A WPF .NET 4.5 app that I have been developing, initially to work on small data volumes, now works on much larger data volumes in the region of 1 million and more and of course I started running out of memory. The data comes from a MS SQL DB and data processing needs to be loaded to a local data structure, because this data is then transformed / processed / references by the code in CLR a continuous and uninterrupted data access is required, however not all data has to be loaded into memory straight away, but only when it is actually accessed. As a small example an Inverse Distance Interpolator uses this data to produce interpolated maps and all data needs to be passed to it for a continuous grid generation.

I have re-written some parts of the app for processing data, such as only load x amount of rows at any given time and implement a sliding window approach to data processing which works. However doing this for the rest of the app will require some time investment and I wonder if there can be a more robust and standard way of approaching this design problem (there has to be, I am not the first one)?

tldr; Does C# provide any data structures or techniques for accessing large data amounts in an interrupted manner, so it behaves like a IEnumerable but data is not in memory until it is actually accessed or required, or is it completely up to me to manage memory usage? My ideal would be a structure that would automatically implement a buffer like mechanism and load in more data as of when that data is accessed and freeing memory from the data that has been accessed and no longer of interest. Like some DataTable with an internal buffer maybe?


Solution

  • As far as iterating through a very large data set that is too large to fit in memory goes, you can use a producer-consumer model. I used something like this when I was working with a custom data set that contained billions of records--about 2 terabytes of data total.

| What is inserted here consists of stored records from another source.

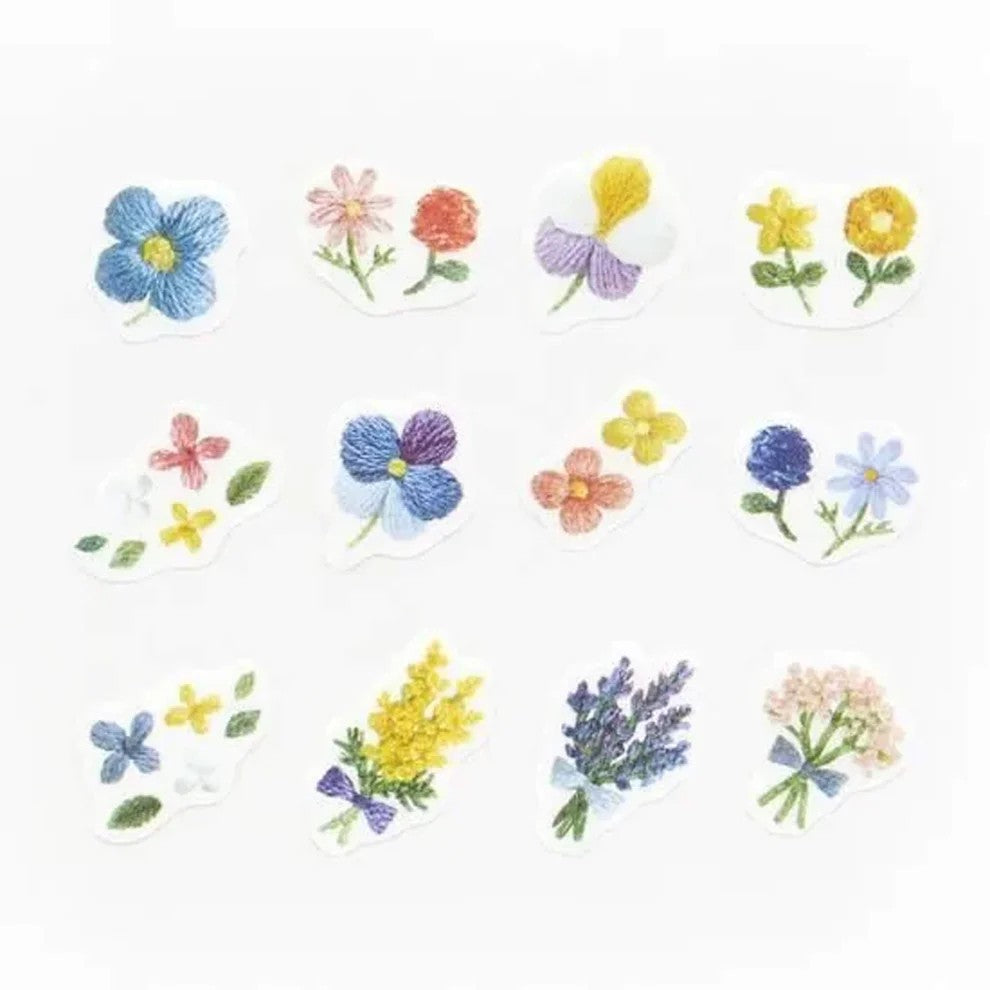 Bande Masking Tape  Small Flowers Blooming in Embroidered Forest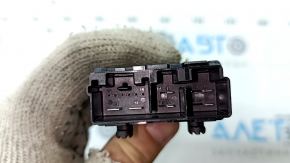 The control unit for heating the rear row of seats of BMW 5 G30 17-23 has a broken housing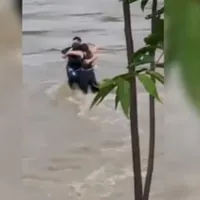 Trei tineri români, luați de ape în Italia. Pompierii i-au văzut, dar n-au putut interveni - Foto: captura video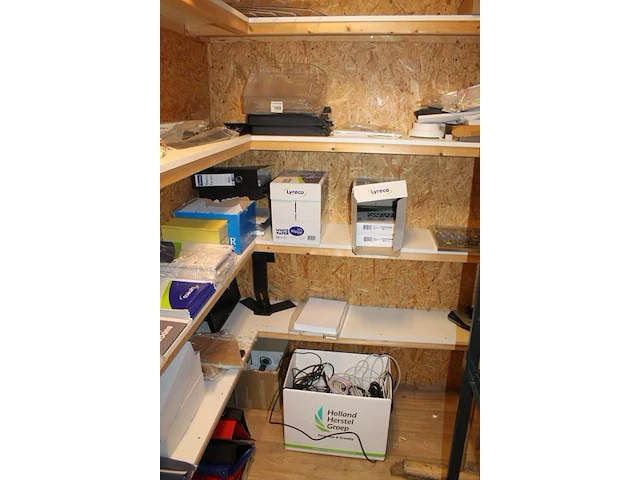 Kantoormaterialen in magazijnstellingen, waaronder paperclips, papier, schrijfblokken, perforator, zichtmap... - afbeelding 4 van  4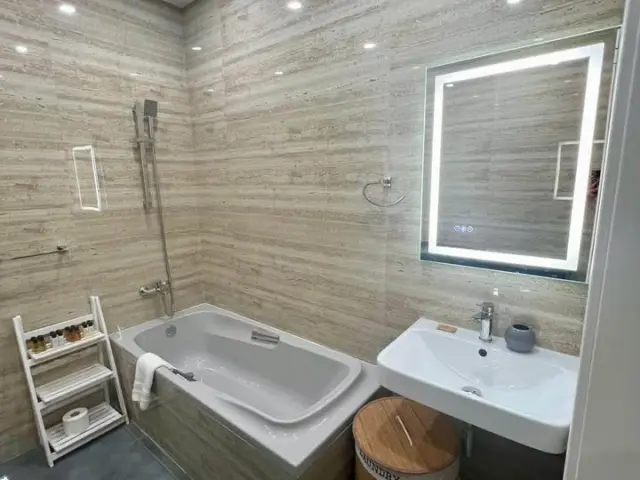3-Bedroom Apartment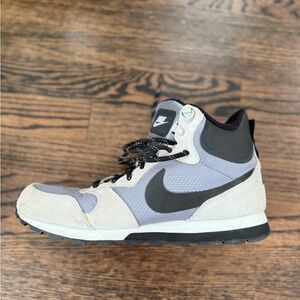 Nike MD Runner 2 Men’s size 11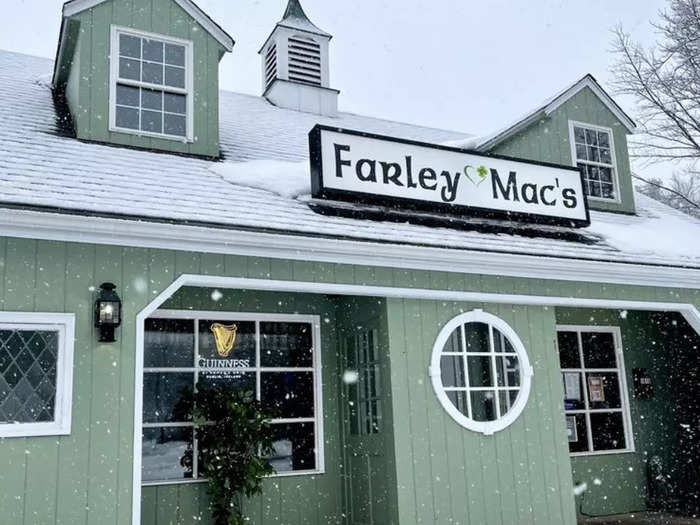 CONNECTICUT: Farley Mac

    The idea is to have a single class that contains both producer and consumer. When you create a new instance of the class, it spins up a producer thread that fills a constrained concurrent queue. And that thread keeps the queue full. The consumer part is the API that lets you get the next record.

    You start with a shared concurrent queue. I like the .NET BlockingCollection for this.

    Here's an example that reads a text file and maintains a queue of 10,000 text lines.

    public class TextFileLineBuffer
    {
        private const int QueueSize = 10000;
        private BlockingCollection<string> _buffer = new BlockingCollection<string>(QueueSize);
        private CancellationTokenSource _cancelToken;
        private StreamReader reader;
    
        public TextFileLineBuffer(string filename)
        {
            // File is opened here so that any exception is thrown on the calling thread. 
            _reader = new StreamReader(filename);
            _cancelToken = new CancellationTokenSource();
            // start task that reads the file
            Task.Factory.StartNew(ProcessFile, TaskCreationOptions.LongRunning);
        }
    
        public string GetNextLine()
        {
            if (_buffer.IsCompleted)
            {
                // The buffer is empty because the file has been read
                // and all lines returned.
                // You can either call this an error and throw an exception,
                // or you can return null.
                return null;
            }
    
            // If there is a record in the buffer, it is returned immediately.
            // Otherwise, Take does a non-busy wait.
    
            // You might want to catch the OperationCancelledException here and return null
            // rather than letting the exception escape.
    
            return _buffer.Take(_cancelToken.Token);
        }
    
        private void ProcessFile()
        {
            while (!_reader.EndOfStream && !_cancelToken.Token.IsCancellationRequested)
            {
                var line = _reader.ReadLine();
                try
                {
                    // This will block if the buffer already contains QueueSize records.
                    // As soon as a space becomes available, this will add the record
                    // to the buffer.
                    _buffer.Add(line, _cancelToken.Token);
                }
                catch (OperationCancelledException)
                {
                    ;
                }
            }
            _buffer.CompleteAdding();
        }
    
        public void Cancel()
        {
            _cancelToken.Cancel();
        }
    }
    

    That's the bare bones of it. You'll want to add a Dispose method that will make sure that the thread is terminated and that the file is closed.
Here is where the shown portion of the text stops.